L'ordonnance de clôture de la procédure a été rendue le 24 novembre 2022.
MOTIFS DE LA DÉCISION
Sur la prescription
A l'action en requalification du contrat de mandat en contrat de travail, la société oppose la prescription en application de la loi 2013-504 du 14 juin 2013 portant le délai de prescription de cinq ans à deux ans, dont les dispositions ne trouvent à s'appliquer qu'aux prescriptions encore en cours à la date de sa promulgation.
Elle fait valoir que le point de départ du délai de prescription de l'action en requalification d'un contrat, quelqu'il soit, en contrat de travail se fixe à la date de signature de ce dernier,
que M. [O] avait connaissance dès le début de la collaboration des éléments qu'il avance pour contester son statut d'agent général d'assurance, ceux-ci étant inscrits au contrat de mandat signé le 30 mai 2008,
que compte tenu du délai de prescription qui était de cinq ans et expirait au 30 mai 2013, l'action qui a été introduite le 9 mai 2019, soit 11 ans après la signature de son premier mandat, est irrecevable.

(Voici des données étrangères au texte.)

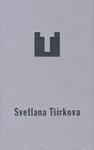 Svetlana Tširkova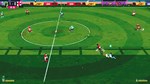 GOLAZO! 2XBOX ONE/X|SКЛЮЧ - изображение № 4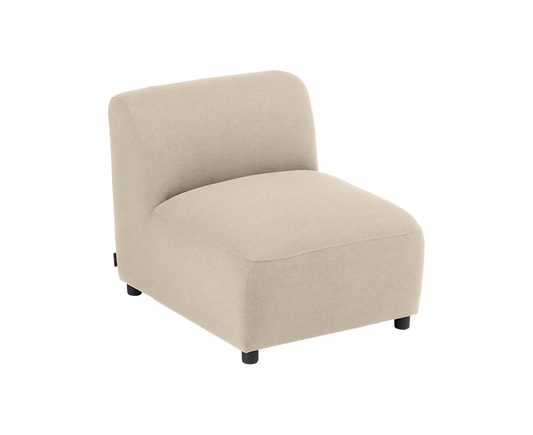 Kettler Osea Gartensessel Loungesessel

Il est toutefois acquis que l'action tendant à qualifier un contrat dont la nature est incertaine en contrat de travail est une action personnelle qui relève de la prescription quinquennale prévue à l'article 2224 du code civil, lequel prévoit que « les actions personnelles ou mobilières se prescrivent par cinq ans à compter du jour où le titulaire d'un droit a connu ou aurait dû connaître les faits lui permettant de l'exercer », le point de départ se fixant à la date à laquelle la relation contractuelle a cessé, puisque la qualification du contrat dépend des conditions dans lesquelles était exercée l'activité et que c'est seulement à cette date que le titulaire est en mesure de connaître tous les faits lui permettant d'exercer son action.

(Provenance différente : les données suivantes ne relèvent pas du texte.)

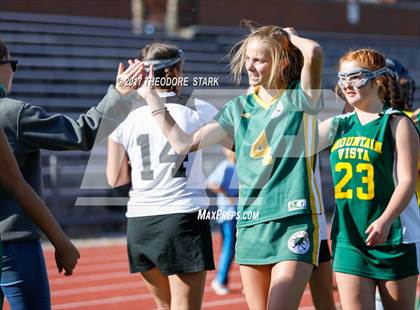 Thumbnail 3 in Arapahoe @ Mountain Vista photogallery.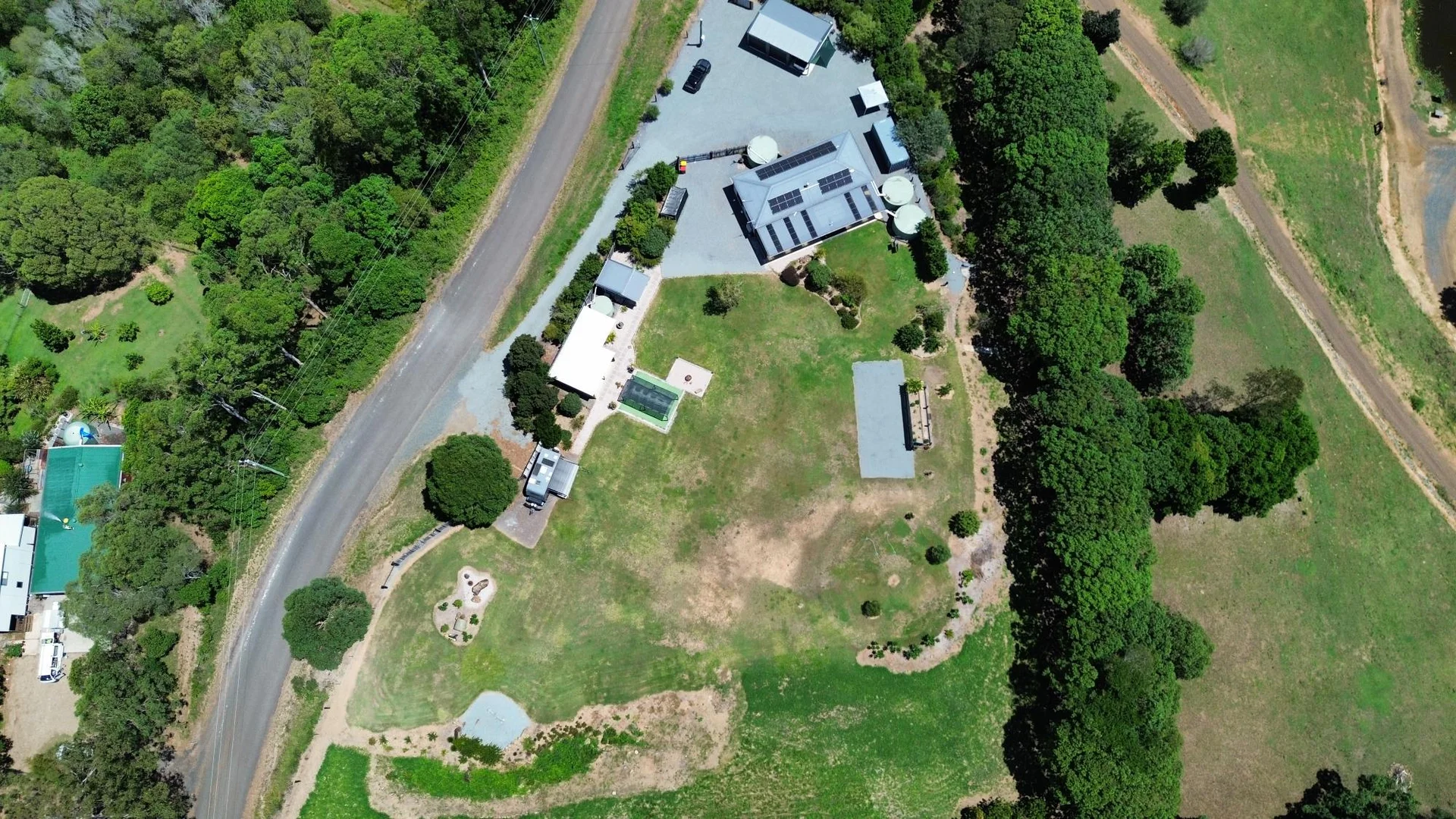 Additional image 16 of 136 Lehman Road, Traveston QLD 4570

Au cas d'espèce, si la société n'avait pas encore mis un terme à la relation contractuelle, le point de départ peut être fixé au 1er avril 2019, date à laquelle M. [O], par l'intermédiaire de son conseil, l'a mise en demeure de procéder à la régularisation de sa situation en se prévalant de l'existence d'un contrat de travail. L'action initiée le 9 mai 2019 est dès lors recevable.
Sur la demande de requalification du mandat d'agent général en contrat de travail
M. [O] soutient que son contrat de mandat et son immatriculation constituent une présomption simple de non-salariat qu'il est possible de renverser en apportant la preuve contraire. Il invoque un faisceau d'indices établissant un lien de subordination : une présentation comme un salarié responsable d'agence, une activité pour le compte d'un seul client, la société Thélem assurances, l'utilisation d'outils de travail imposés, la soumission à des directives et à un pouvoir de direction très strict par l'absence de gestion directe de son portefeuille, l'absence de choix de son lieu de travail et de son habitation personnelle, l'absence d'autonomie et l'application de sanction.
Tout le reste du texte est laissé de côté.